Plants use intracellular nucleotide-binding leucine-rich repeat immune receptors (NLRs) to recognize pathogen-encoded effectors and initiate immune responses. Tomato spotted wilt virus (TSWV), which has been found to infect >1000 plant species, is among the most destructive plant viruses worldwide. The Sw-5b is the most effective and widely used resistance gene in tomato breeding to control TSWV. However, broad application of tomato cultivars carrying Sw-5b has resulted in an emergence of resistance-breaking (RB) TSWV. Therefore, new effective genes are urgently needed to prevent further RB TSWV outbreaks. In this study, we conducted artificial evolution to select Sw-5b mutants that could extend the resistance spectrum against TSWV RB isolates. Unlike regular NLRs, Sw-5b detects viral elicitor NSm using both the N-terminal Solanaceae-specific domain (SD) and the C-terminal LRR domain in a two-step recognition process. Our attempts to select gain-of-function mutants by random mutagenesis involving either the SD or the LRR of Sw-5b failed; therefore, we adopted a stepwise strategy, first introducing a NSm^RB -responsive mutation at the R927 residue in the LRR, followed by random mutagenesis involving the Sw-5b SD domain. Using this strategy, we obtained Sw-5b^{L33P/K319E/R927A} and Sw-5b^{L33P/K319E/R927Q} mutants, which are effective against TSWV RB carrying the NSm^C118Y or NSm^T120N mutation, and against other American-type tospoviruses.

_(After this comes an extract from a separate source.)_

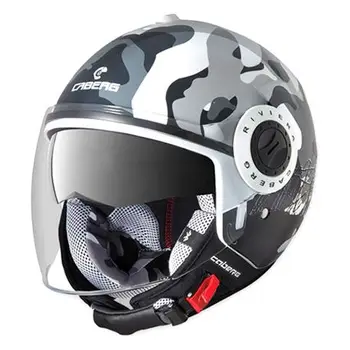 

CABERG RIVIERA V2 COMMANDER GRAY WHITE GLASSES INNER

Thus, we were able to extend the resistance spectrum of Sw-5b; the selected Sw-5b mutants will provide new gene resources to control RB TSWV.

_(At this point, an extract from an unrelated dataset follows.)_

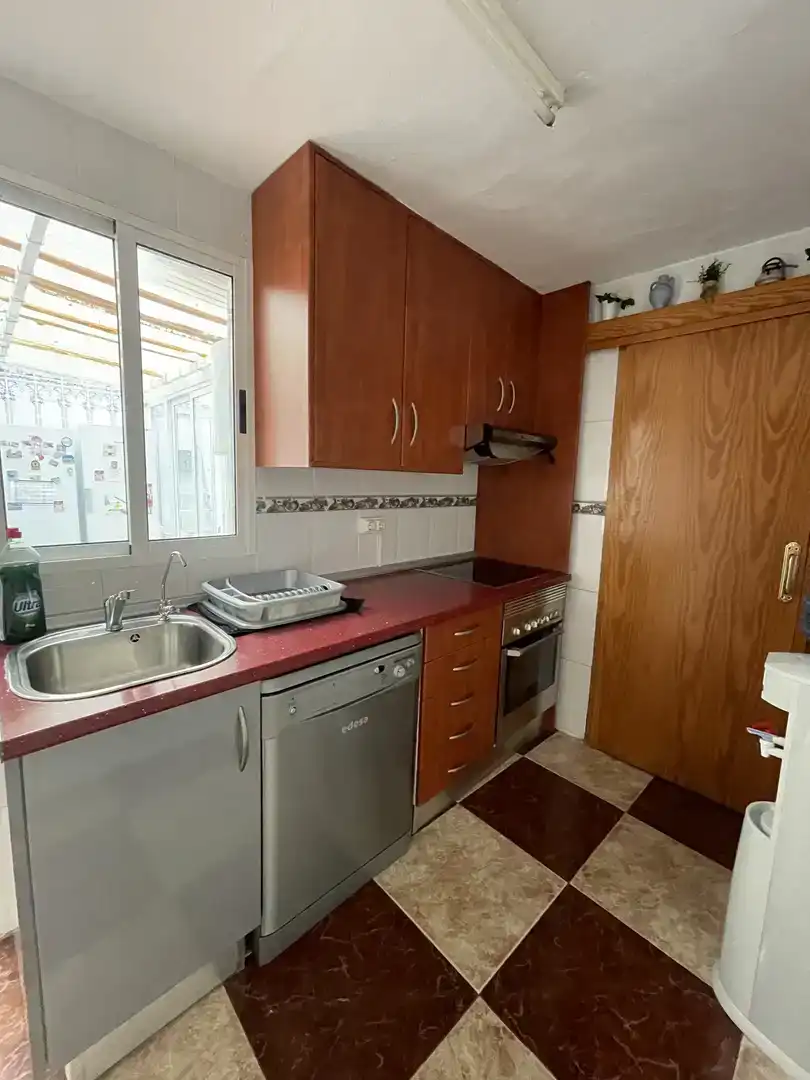 Cuina de Dúplex en venda en La Unión amb Aire condicionat, Terrassa i Moblat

Keywords: Tomato spotted wilt virus; NLR; Sw-5b; artificial evolution; immune receptor; resistance breaking.

Figure 1

Schematics depicting construction of the random mutagenized Sw‐5b^R927A library and selection of mutants that gained hypersensitive response (HR) to NSm^C118Y or NSm^T120N from Tomato spotted wilt virus (TSWV) resistance‐breaking (RB) isolates. Random mutagenesis of the Solanaceae‐specific domain (SD) in full‐length Sw‐5b^R927A was performed using Mn²⁺ and dITP‐mediated two‐round polymerase chain reaction (PCR) amplification. The second‐round PCR products of the Sw‐5b SD variants were recombined into linearized binary vector p2300S‐Sw‐5b^R927A. The recombination reaction mixture was directly transformed into A. tumefaciens strain GV3101 using electroporation to generate the Sw‐5b^R927A mutagenized library. The library was used to screen Sw‐5b^R927A mutants that could trigger HR in N. benthamiana leaves in the presence of NSm^C118Y or NSm^T120N. HR phenotypes were monitored at 3–7 days post‐infiltration (dpi).

Figure 2

Screening of the Sw‐5b^R927A mutagenesis library led to the selection of two candidates, Sw‐5b^mutant‐137 and Sw‐5b^mutant‐1665, that gained HR to NSm^C118Y and NSm^T120N from TSWV RB isolates. (a) Sw‐5b^mutant‐137 and Sw‐5b^mutant‐1665 were co‐expressed with or without the WT NSm, NSm^C118Y or NSm^T120N in N. benthamiana leaves. Co‐expression of WT Sw‐5b and NSm was used as a positive control. The HR phenotypes were monitored at 3‐10 dpi and photographed at 7 dpi. (b) Amino acid mutations in the SD domain of Sw‐5b^mutant‐137 and Sw‐5b^mutant‐1665. The amino acid sequences of the SD domain of WT Sw‐5b, Sw‐5b^mutant‐137 and Sw‐5b^mutant‐1665 were aligned using the ClustalW program. Amino acid differences at residues 33 (L substituted to P) and 319 (K to L) among the WT Sw‐5b, Sw‐5b^mutant‐137 and Sw‐5b^mutant‐1665 are boxed and indicated in red.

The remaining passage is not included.